The U.S. Capitol Building
Academics

UMass Amherst Education Professors Brief Congress on Initiative to Improve Every Student Succeeds Act

Jack Schneider and Stephen Sireci, professors in the College of Education, met with Congressman Jamaal Bowman and congressional aides Sept. 27 on Capitol Hill in Washington, D.C., to discuss new policy agenda ideas to improve upon the Every Student Succeeds Act (ESSA) and create more effective and equitable approaches for student learning assessment and accountability in schools and districts nationwide.

Image
Jack Schneider (middle) and Stephen Sireci (far right) with Congressman Jamaal Bowman (at podium) at a presentation on Capitol Hill in Washington Sept. 27, 2023
Jack Schneider (middle) and Stephen Sireci (far right) with Congressman Jamaal Bowman (at podium) at a presentation on Capitol Hill in Washington Sept. 27, 2023

Schneider and Sireci, along with members of the Beyond Test Scores Project (BTS) working group, presented ideas at the Rayburn House Office Building outlined in Educational Accountability 3.0: Beyond ESSA, a joint report from the National Education Policy Center and BTS, whose goal is to provide a vision for outlining improvements to the existing law in the areas of assessment and accountability.

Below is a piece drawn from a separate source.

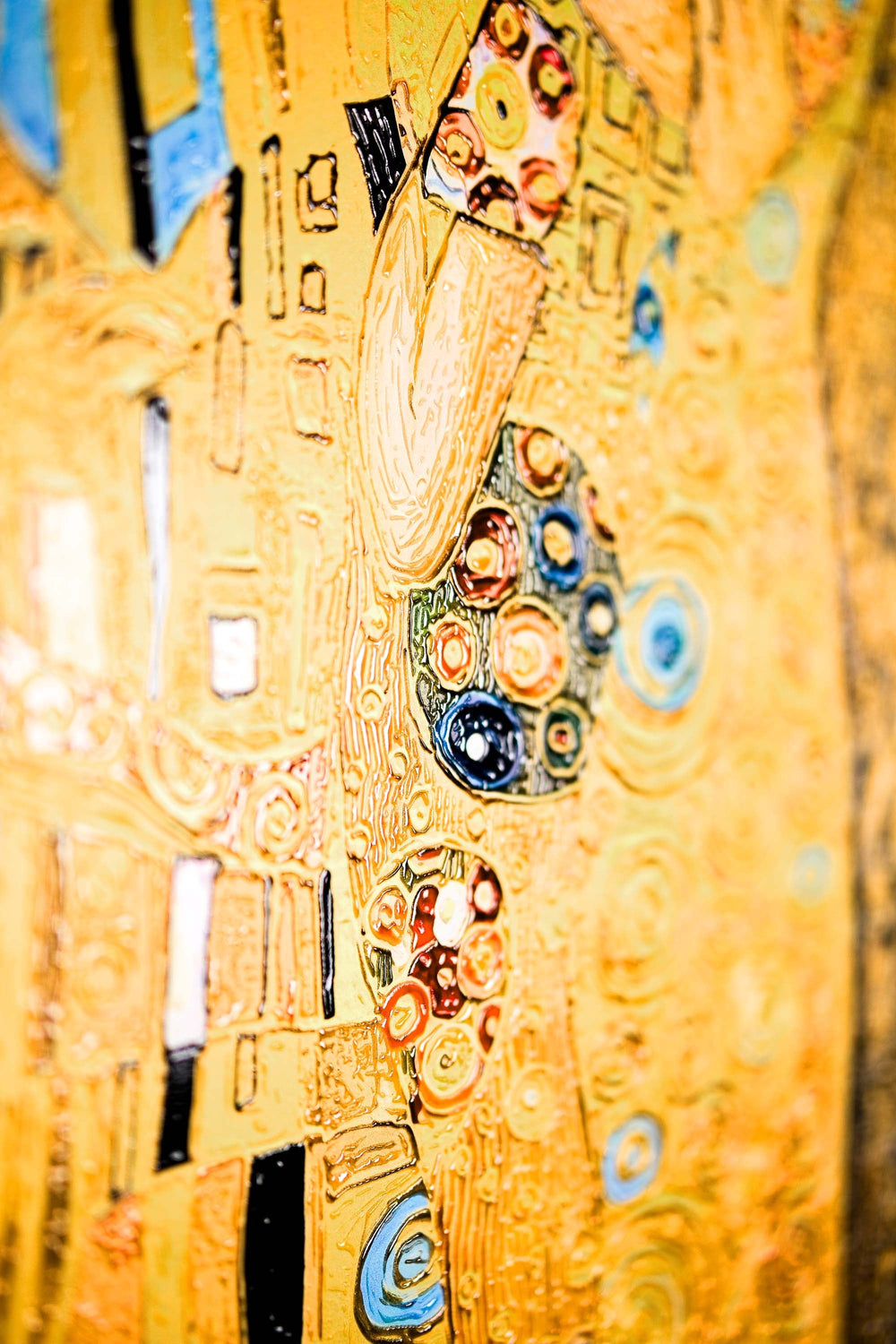 Gustav Klimt Öpücük — 3D Kabartmalı Premium Duvar Sanatı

The ESSA is the next iteration of the Elementary and Secondary Education Act (ESEA), after the reauthorization in 2015 under the Obama administration, and was designed to continue to provide equal opportunity for all students, strengthen schools and close opportunity gaps. However, the report notes ESEA’s iterations have fallen short in addressing systemic inequalities, including those impacting “racially minoritized students, low-income students, students with disabilities, emerging bilingual students, and others.”

In the report, the authors suggest six interlocking principles for building a more equitable assessment for student learning in hopes that schools and districts will adopt locally, and which Congress will consider upon the future reauthorization of ESSA.

Those principles include aligning assessment policy with goals for high-quality curricula and instruction; developing a system with reciprocal accountability; ensuring that representative community members play a meaningful role in the system; moving toward a broader array of school quality indicators; ensuring interpretable and actionable results and designing a system that will evolve and improve.